Photo by Bill Majoros. Used with permission.

NEWS

[8/23/2018] Experiment design web tool released - A web tool is now available for power and sample size estimation: http://67.159.92.22:8080/
[6/16/2018] First version of BIRD released - The first version of BIRD has been released on GitHub at https://github.com/bmajoros/BIRD.

Contents

Description
Download
Installation
Running
Output Format
Examples
Web Tool
Contact

Description

BIRD (Bayesian Inference of Regulatory Differences) is a software suite for identifying regulatory variants in data from STARR-seq and other massively parallel reporter assays (MPRAs). BIRD uses a Bayesian hierarchical model to integrate prior information with read count data. Using MCMC (Markov Chain Monte Carlo), BIRD efficiently performs posterior inference to estimate effect sizes of regulatory variants. Because BIRD's inference is based on posterior distributions, it is able to provide both point estimates and credible intervals for effect sizes. BIRD has been found to be substantially more accurate than other tests based on the beta-binomial distribution and Fisher's exact test.

The purpose of BIRD is to estimate the effect size of regulatory variants, where the effect size, theta, is defined as:

Thus, an effect size of 1 means that the variant has no effect on transcription. Effect sizes less than 1 mean that the alternate allele reduces transcription, while effects greater than 1 mean that the alternate allele increases transcription. Effect sizes tend to range between 0.5 and 2.0.

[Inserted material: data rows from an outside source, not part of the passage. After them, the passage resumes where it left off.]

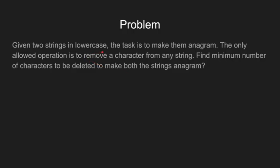So here is the problem. Given two strings, the task is to make them anagrams. First of all, anagrams are two strings formed by permutations of each other. If two strings have the same frequency of all the elements, then we call them anagrams.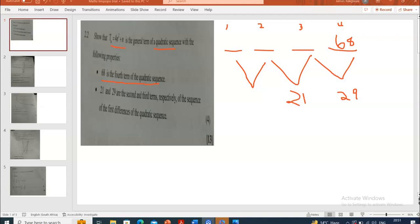With a quadratic sequence, to get term number three, term number three plus the difference must give us term number four. So it can work the other way around — to get the third term of the sequence it will be 68 minus 29. Let's do 68 minus 29, which gives us 39.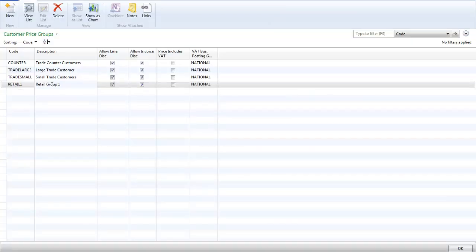I have created a new customer price group called RetailOne. This group also allows discounts if they are available.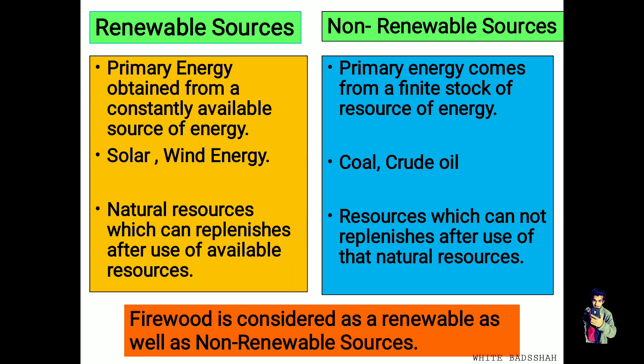The second type of classification is renewable and non-renewable sources. Renewable sources are primary energy obtained from constantly available sources of energy. Solar and wind energy are examples — these are natural resources which can replenish after use, meaning we can obtain energy from them again after use. These are known as renewable sources.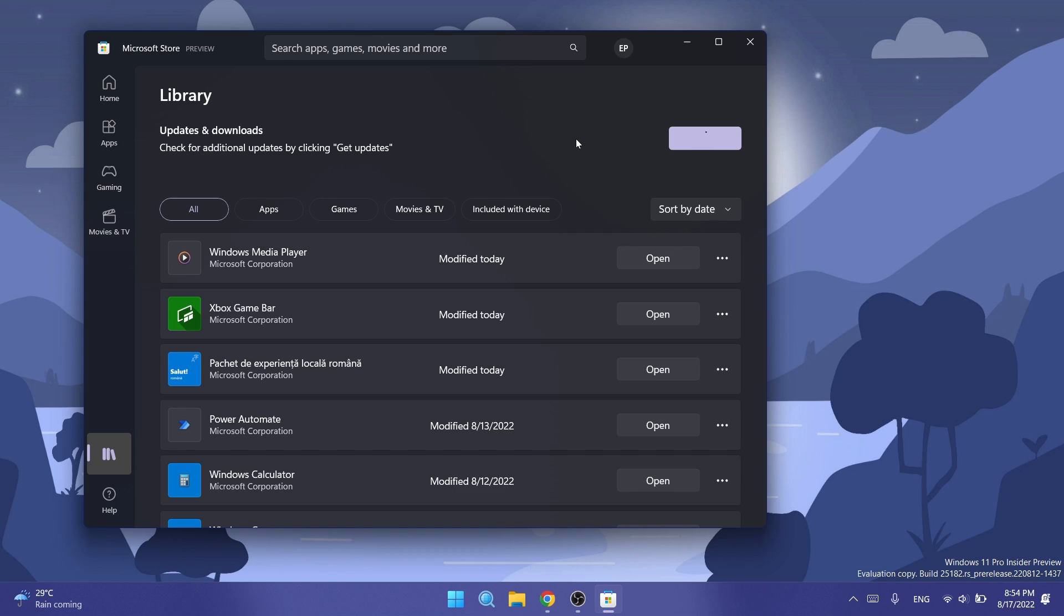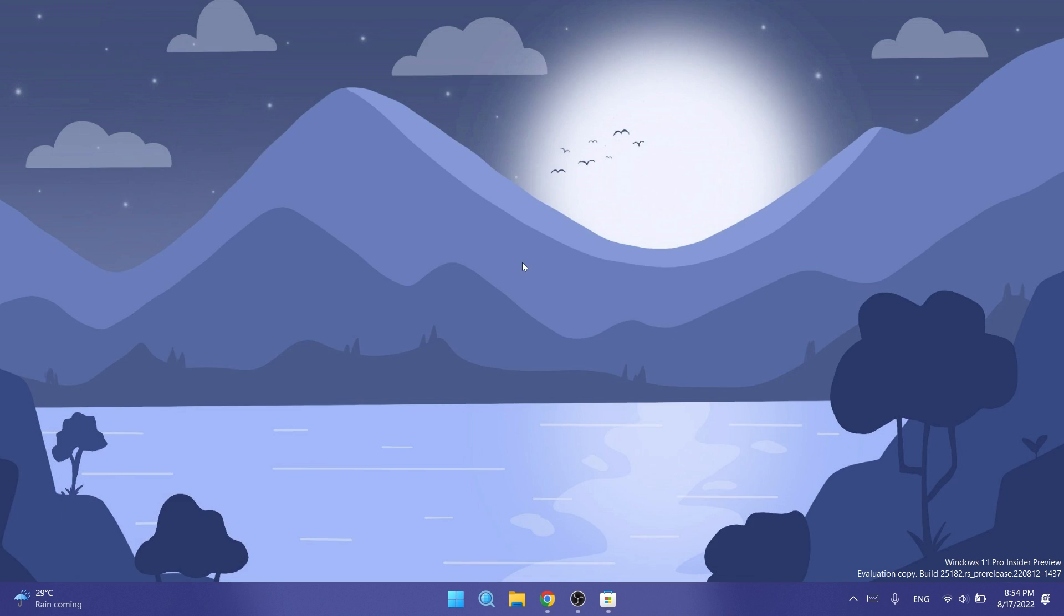In this Microsoft Store update, we have screenshots in search results you can now view to help improve your browsing experience. Also, you can install games directly from the Microsoft Store app. When you find a game you like, you can install it right from the Microsoft Store without switching apps.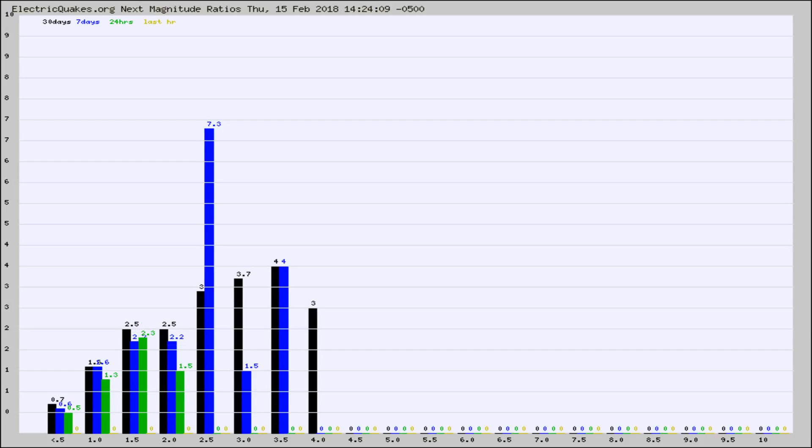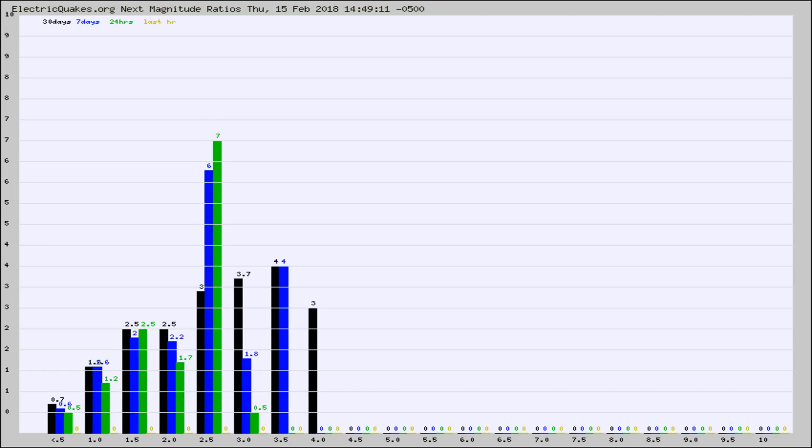Again, the black column is 30 days, blue is 7, green is 24 hours, and gold is in the last hour. Any ratios out of whack will show up as a red column and may indicate a new earthquake might occur at the higher next magnitude.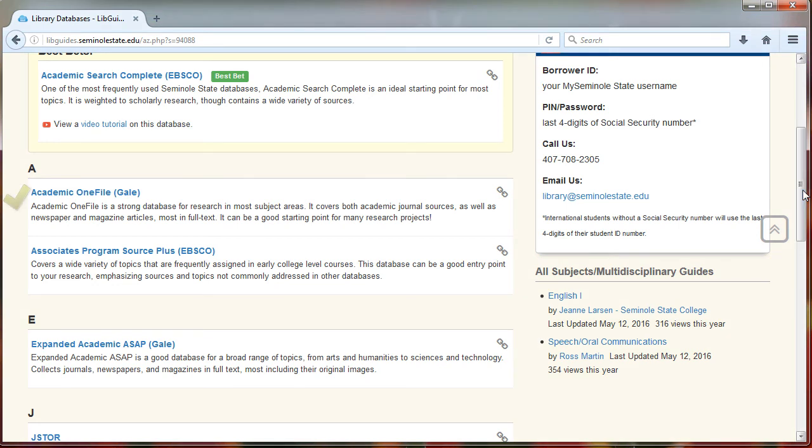Once you find a database you want to look at, all you have to do is click on the title and log into the library in order to search in that database.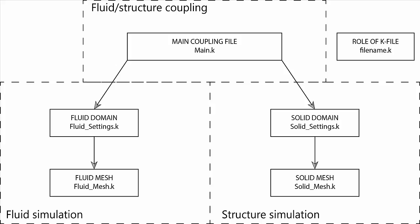If we look at the typical structure for a fluid structure coupling problem in LS-Dyna, we can see we have five main files. One of them is the main coupling file called main.k. This file takes care of parameters such as the time step and the inlet velocity. It includes most files and takes care of the coupling.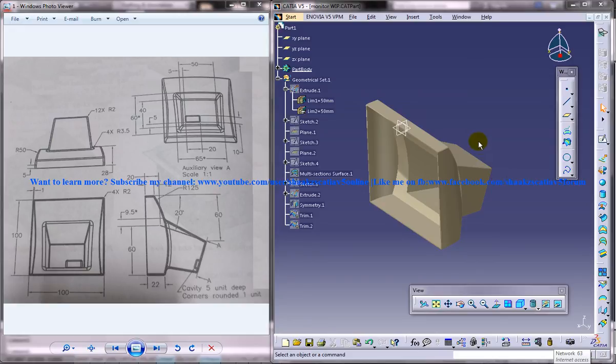Hi friends, this is Mohammed Shaqeel here and in this tutorial I'm going to show you how you can design a monitor cover in CATIA V5. In this whole series we're going to use the wireframe and surface design and part design workbench to complete the design.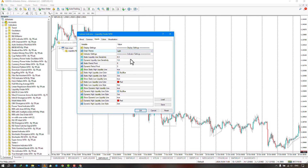The next section pertains to the indicator settings, specifically the static line settings, which can be adjusted from a value of 1 to 14. The higher this number is, and the closer it is to 14, the more static levels it will display.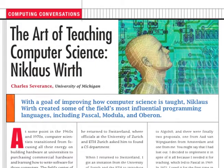Hello, and welcome to the Computing Conversations column. This column is from the July 2012 issue of IEEE Computer and is titled Nicholas Wirth: The Art of Teaching Computer Science. There is supporting video material for this column that you can find in the IEEE Computer Society YouTube channel or in the IEEE Digital Library. I am the editor of the column and I am Charles Severance from the University of Michigan.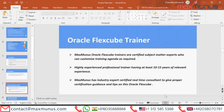Why choose Magsbooks' Oracle FLEXCUBE trainer? Our trainers are real-time subject matter experts from the corporate world with a minimum of 10 to 15 years of experience in this field. They will share real-time industry Oracle FLEXCUBE implementation challenges they face in their day-to-day activities, as well as case studies. The trainer will not only cover the listed course content topics, but will also make candidates project-ready so they can easily start working on projects from day one after the successful completion of the Oracle FLEXCUBE course.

BIRD explicitly models the unknown allele frequency p in the DNA and q in the RNA, as well as the individual frequencies q_i in each biological replicate. BIRD computes an effect size (theta) from these latent variables p and q, rather than simply dividing read counts. The common method of dividing read counts results in unstable estimates when read counts are low. BIRD's use of an informative prior on effect sizes results in more stable estimates when read counts are low. In addition, BIRD's explicit modeling of replicate structure improves its estimate of allele frequencies in RNA, thus providing more accurate estimates of regulatory effect size. Finally, because BIRD reconstructs the full posterior distribution of theta (the effect size), it can assess how confident its estimate of theta is. This confidence is reported to the user as a 95% credible interval, as well as a posterior probability, P_reg, that the variant has a regulatory effect.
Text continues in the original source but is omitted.